モーガン家では幼いヒューを除き、父親と5人の息子たちは皆炭坑夫だった。労働は過酷で、しばしば落盤事故が起こる死と隣り合わせの危険な仕事であったが、彼らは自分たちが坑夫であることを誇りに思っていた。
 いつものように、石炭で真っ黒になった男たちが、坑口から仕事を終えて出てくる。いつものように、男たちは玄関で彼らを出迎える母に日当を手渡し、いつものように姉が沸かしたお湯で体を洗い、いつものように食事をする。
 優しいが作法には厳しい父親、こまめに手間をかける母親、豪華ではないが整えられた調度、通りから差し込む柔らかい光、壁や天井に映る木々のシルエット。食事が終わると片付けをし、父親からその日の小遣いをもらい、硬貨を握りしめて駆け出すヒュー。町の小さな雑貨屋には、色とりどりのガラスの瓶が並んでいて、オズの魔法使いそっくりの女主人とタフィーという何ともおいしそうなお菓子。
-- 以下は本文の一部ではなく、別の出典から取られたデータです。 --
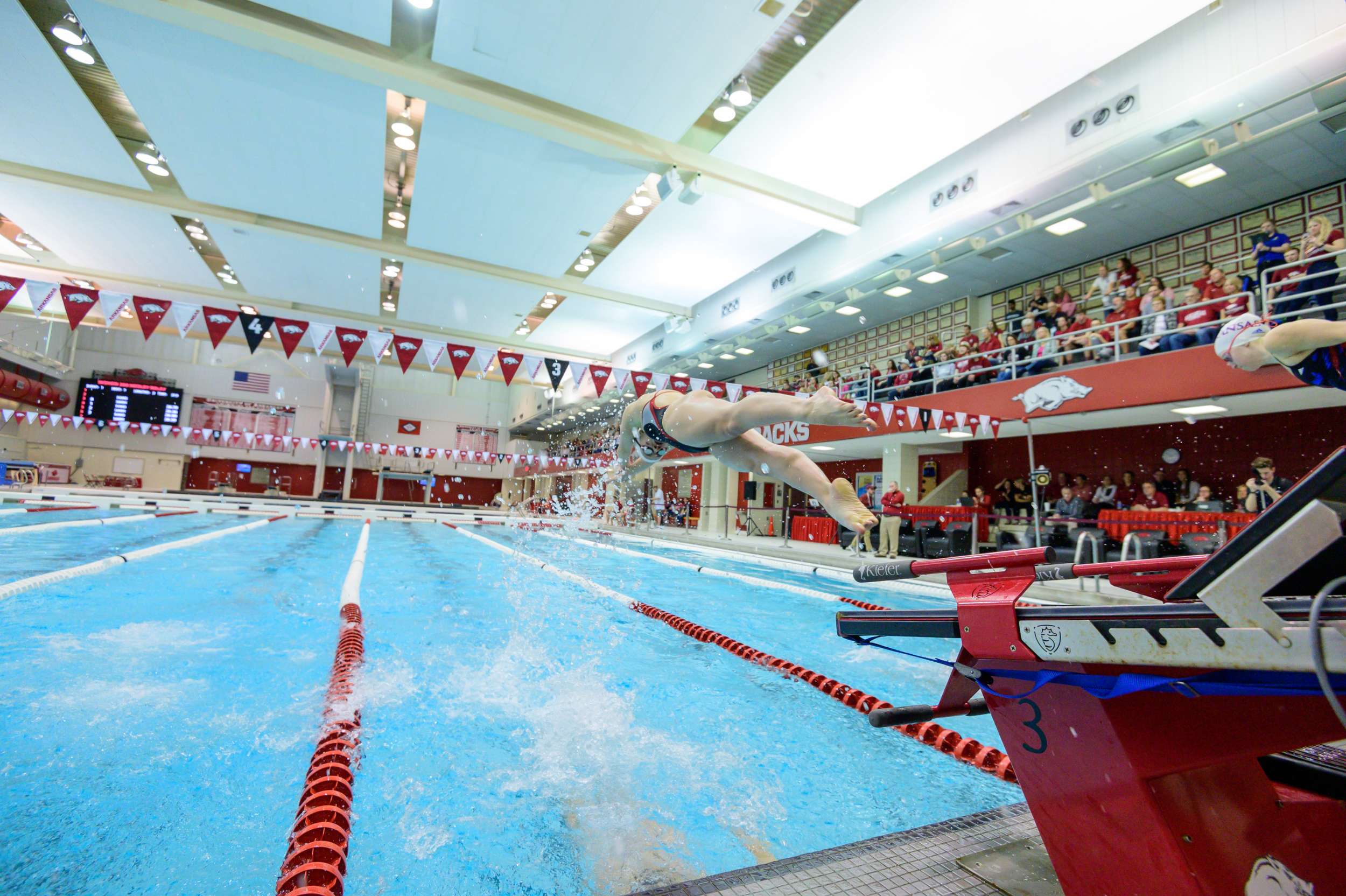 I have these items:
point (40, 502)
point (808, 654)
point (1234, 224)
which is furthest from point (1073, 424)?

この映画がモノクロだとは到底信じられない・・・。
 こうして物語はヒュー少年の目を通して、斜陽する炭坑町が、昔気質の父親と息子たち、仲の良かった家族の間の初めての対立が、父親をかばう母親とヒュー少年を見舞う突然の事故が、故郷をあとにする息子たちのアメリカへの移住が、長女の失意と婚礼が、ヒュー少年の文学への目覚めが、家族を担い炭坑夫となる自身が描かれる。
 筋立て(プロット)だけに目を奪われれば、次々と悲運に見舞われる、止めどもない悲惨なドラマに違いない。しかし、ヒュー少年の視線はあくまで美しく誇らしく、家族とともに働くこと、愛することの喜び、そして誇りを持って生きる人間への賛歌に満ちている。
 さて、こんなディテールの塊のような映画(つまり、人物の細部、性格描写、身振り、関係、動き、そしてその演出の方法を通した)を前にして、プロットだけを解説するほどつまらないことはない。ディテールに神宿るとは、まさにフォードの映画作法のためにあるような台詞だ。
 「わが谷は緑なりき」は1941年、第2次世界大戦中に製作された。当初はウェールズでのロケも検討されたが、英国本土が爆撃を受けていたということもあり、アメリカのサンタモニカ山脈の中に32万m2という巨大なオープンセットを作り上げた。製作費は当時で125万ドル。そして驚くべきことに製作期間はわずか2カ月。しかも、フォードは1895年生まれだから、何と46歳の仕事なのだ。さらにしびれるのは、フォードは出来上がったばかりのフィリップ・ダンのシナリオを読み、「考える限り完璧だな」といったというのだ。おそらく原作を読みはじめた時から、フォードの中ではさまざまな人物のディテールが次第に明晰になり、真実味を帯び、記憶の中で膨らみ続けたのだろう。
 例えばモーガン家の父親、とても魅力的な人物だが、きっとフォードは彼を演じるスコットランド出身の名バイプレーヤー、ドナルド・クリスプに対しこう言ったに違いない。「昔、こんな男がいた。パイプが好きで。頑固で昔気質でスト破りもしかねない、そして最後には落盤事故で無惨に死んでしまう。しかし信心深い、実に誇り高い男だった。ドナルド、そんな男に会ったことあるかい」。
 フォードが描く人物は、いかにも人間らしく見え、人間らしく振る舞い、人間らしく戸惑う。彼らはプロットや芝居染みたクライマックスに動かされるのではない。彼らはフォードが差し出すシチュエーションの中で、生身の人間として、彼ら自身の持つ矛盾、気ままな、何気ない振る舞い、生命の流れそのものと呼べるようなあるものに応え、動かされている。ヒュー(フォード)の視線がこのモーガン家の父親を愛し讃えてやまないのは、父親を演じたドナルド・クリスプが名優であるからではなく、パイプのくゆらせ方、聖書を読むたたずまい、歩き方、あの途方にくれる表情など、モーガン老という人物の細部、性格描写、身振り、関係、動きが、彼に、そこに宿ってしまっているからなのだ。